When I Am Dead and Gone is considered by critics to be one of the greatest achievements of the Yugoslav Black Wave. The Yugoslav Film Archive officially listed it as the second-best Yugoslav film of all time.

==Plot==
Janko Bugarski, also known as Jimmy Barka, has to leave his temporary job as a seasonal worker together with his girlfriend Ljilja. Without a job, he sets out with Ljilja into uncertainty. His mother, a poor washerwoman, cannot help him, and there are no jobs available in factories or companies. In order to make some money, Jimmy steals from workers at a construction site, and while fleeing from pursuers, he loses Ljilja.
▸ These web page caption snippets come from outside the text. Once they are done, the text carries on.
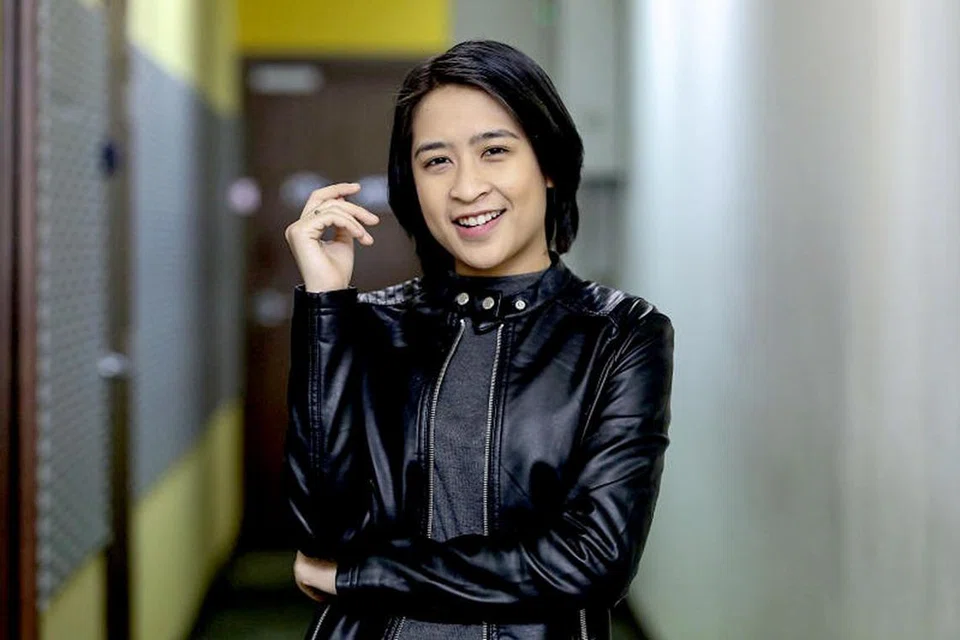 DICIUM DENGAN RAKUS DI TANGAN: Tangannya Ara Johari dicium dua kali dengan penuh rakus oleh seorang peminat lelaki ketika satu persembahan di Nilai, Negeri Sembilan, pada 2023.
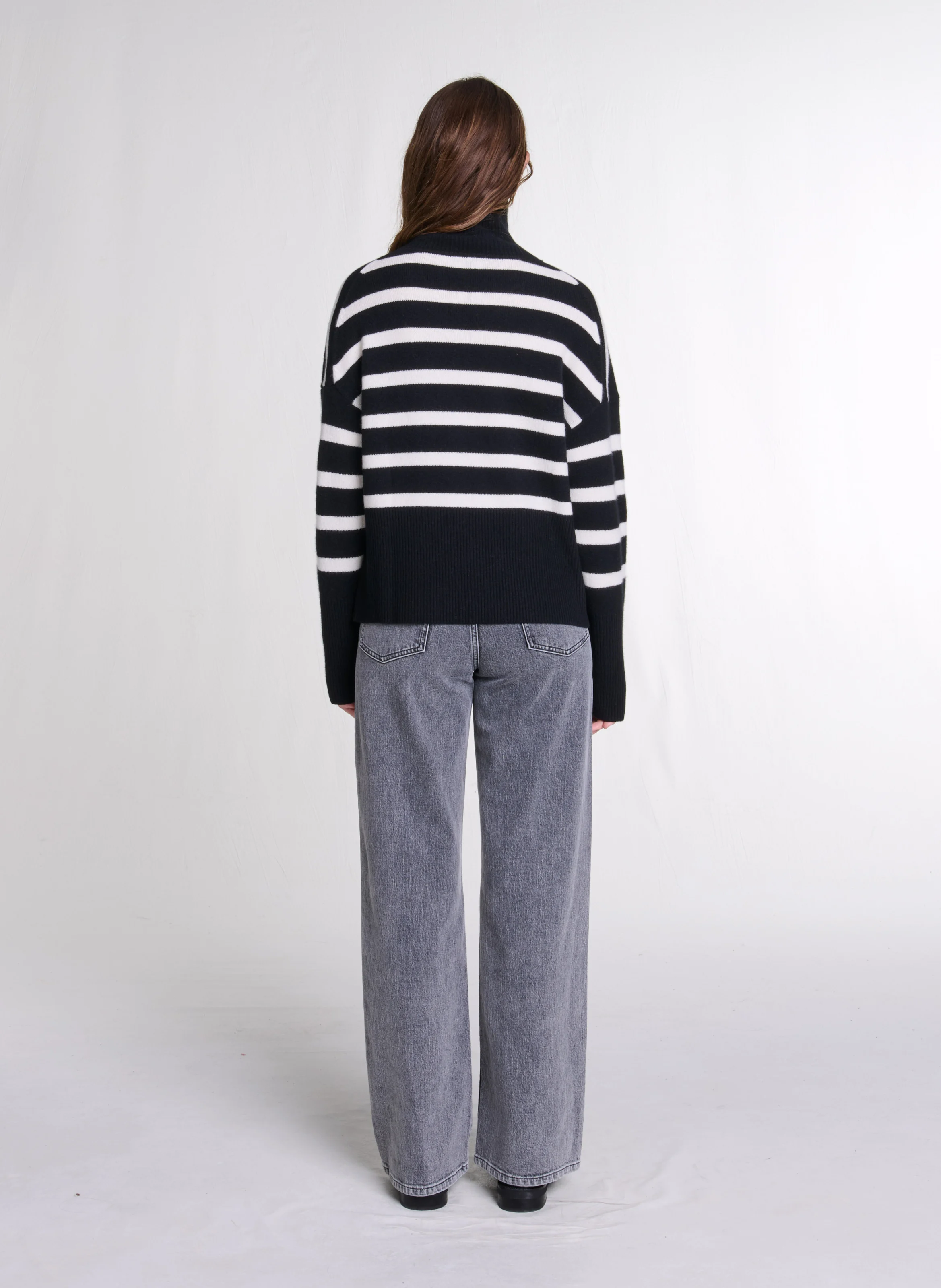 Pull droit en cachemire mélangé rayé | Noir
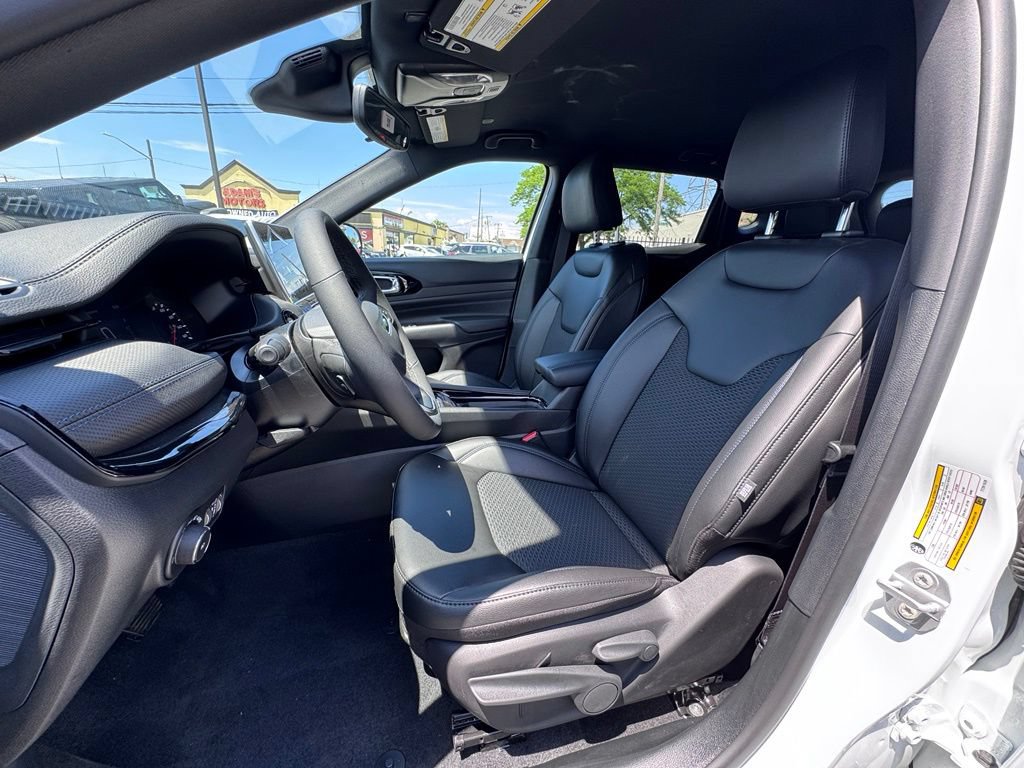 New 2026 Jeep Compass Latitude AWD/4WD image 13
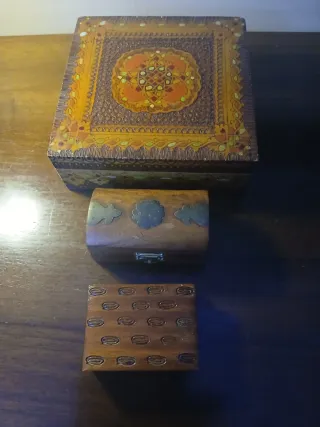 Set 3 scatoline decorative in legno vintage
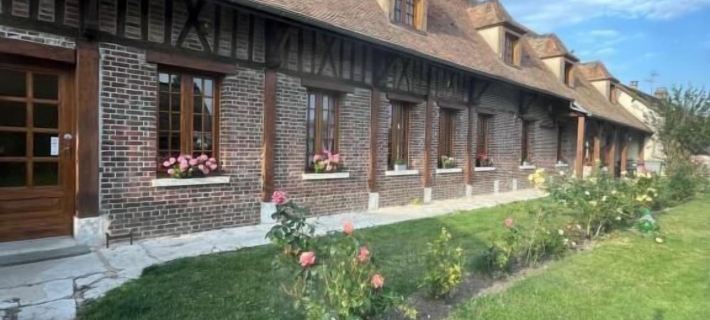 Au Relais des Diligences Hotele w: Eure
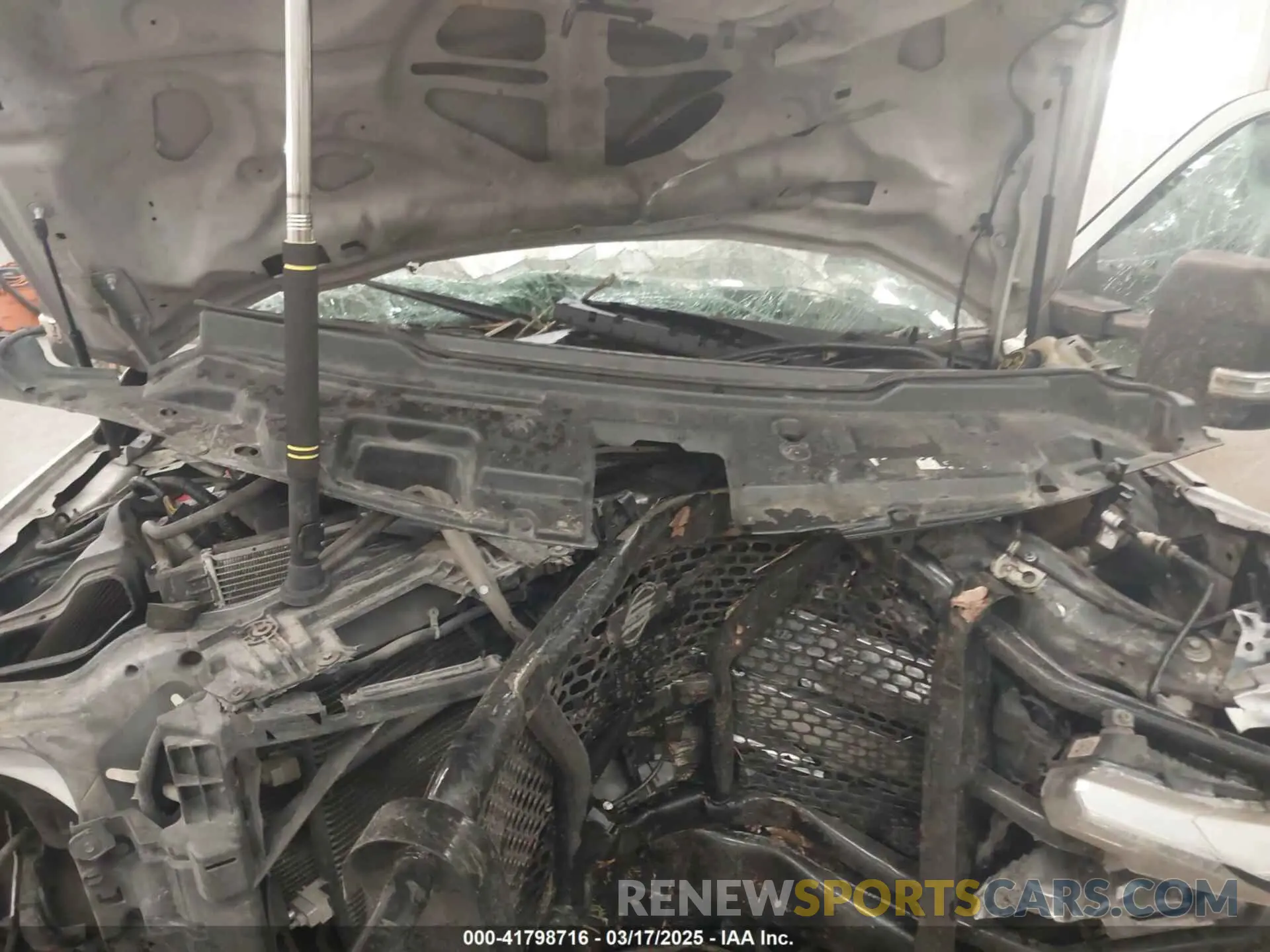 10 Photograph of a damaged car 1FT8W3DT0KEE86824 FORD F-350 2019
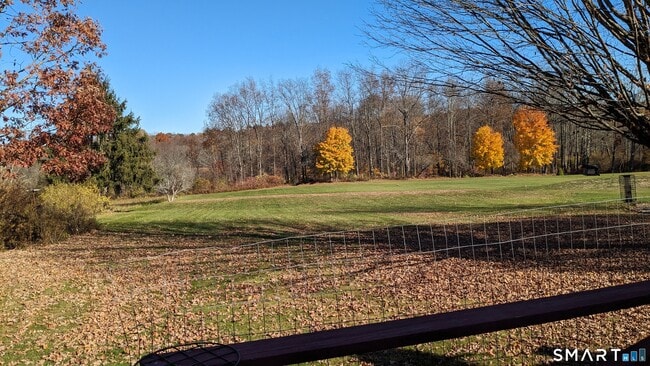 Building Photo - 1660 Guernseytown Rd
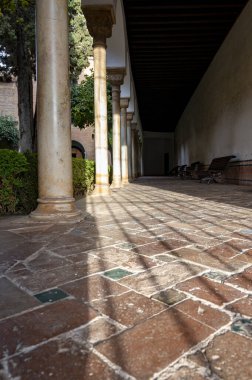 Eski duvarlar, bahçeler ve ortaçağ kalesi Alhambra, Granada, Endülüs, İspanya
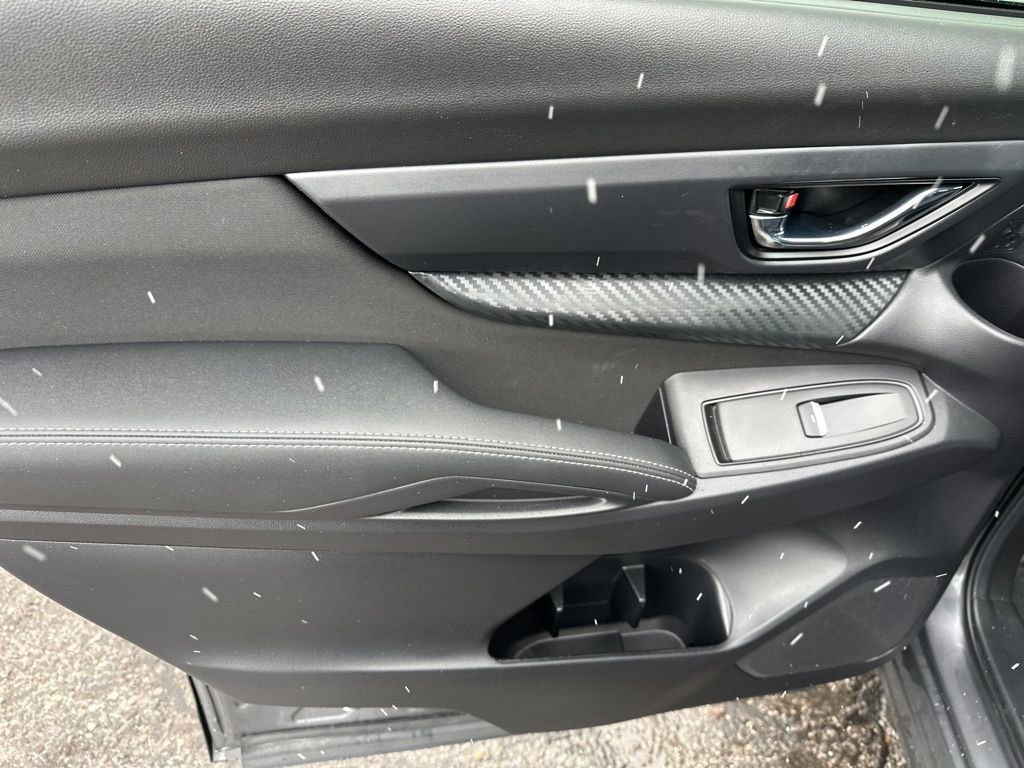 Used 2025 Subaru Ascent Premium image 21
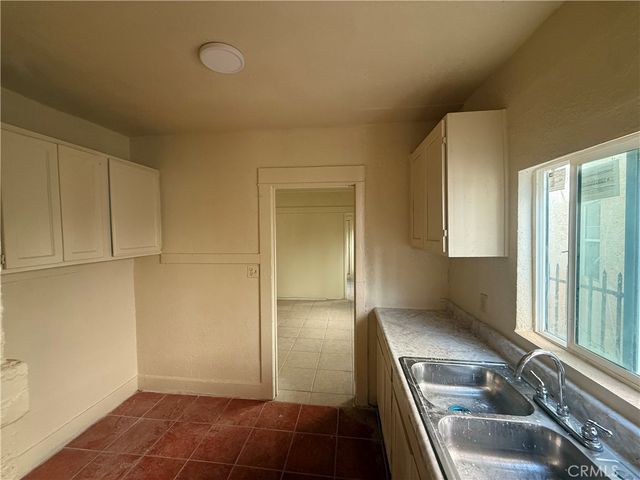 4257 San Pedro Place, Los Angeles, CA 90011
That's when the odyssey of Jimmy Barka begins. He meets a bar singer, Duška, becomes her lover, and learns to sing. Although he sings poorly, that doesn't stop him from traveling through small towns, singing at fairs, and in remote military garrisons. In one small town, he meets a young dental technician named Bojana, and with her, he goes to Belgrade to compete in a young singers' competition. Instead of applause and affirmation, he is met with boos and insults. Jimmy runs away on his own, and on a ship, he once again encounters Ljilja, who makes a living by pickpocketing and feigning pregnancy. Both of them go to see the former construction site manager, Milutin, in an attempt to blackmail him: the young woman supposedly carries his child. Milutin discovers that he has been deceived. He tries to assault Ljilja, but Jimmy stops him. He attempts to kill Jimmy and mocks him in front of the workers. Humiliated and enraged, he takes his rifle and kills Jimmy.

==Cast==

- Dragan Nikolić as Jimmy Barka
- Slobodan Aligrudić as Milutin
- Miodrag Andrić as Ibro
- Severin Bijelić as officer
- Dara Čalenić as Mica
- Aleksandar Gavrić as Dule
- Milan Jelić as Jimmy's roommate
- Ljiljana Jovanović as Jimmy's mother
- Petar Lupa as chauffeur
- Vojislav Mićović as worker
- Branislav Ciga Milenković as violinist
- Žika Milenković as Stole (waiter)
- Predrag Milinković as railroad worker
- Ružica Sokić as Duška
- Milorad Spasojević as journalist
- Neda Spasojević as Lilica
- Zorica Šumadinac as Bojana
- Milivoje Tomić as supervisor
- Vladan Živković as "Kidney"
- Ljubomir Ćipranić
- Olga Jančevecka
- Nikola Milić
- Svetolik Nikačević
- Đorđe Pura
- Snežana Lukić
- Alenka Rančić
- Borivoje Bora Stojanović
- Janez Vrhovec

==Awards==
- Pula - Golden Arena for Best Film, Golden Arena for Best Director (Živojin Pavlović), Special Award for Best Actor (Dragan Nikolić), Best Film of the Year
- Niš - Special Award for Best Actor - Dragan Nikolić, Special Award for Best Actress - Ružica Sokić, Golden Medal of Politika Express

==Legacy==
The Yugoslav Film Archive, in accordance with its authorities based on the Law on Cultural Heritage, declared one hundred Serbian feature films (1911–1999) as cultural heritage of great importance on December 28, 2016. When I Am Dead and Gone is also on that list.

==Trivia==
- According to some sources, director John Schlesinger listed When I Am Dead and Gone among the films that inspired Midnight Cowboy.
- The role of Jimmy Barka was originally intended for Boris Dvornik. However, as Dvornik was in the military at the time, the role was assigned to Dragan Nikolić, and it brought him fame.
- In 2018, the Yugoslav Film Archive, in collaboration with the company Vip Mobile and Center Film, restored and digitally remastered the film. The restored version was presented at the Berlin Film Festival as part of the prestigious official Forum program, and a special screening for the Serbian audience was held on February 21 in the ceremonial hall of the Yugoslav Film Archive.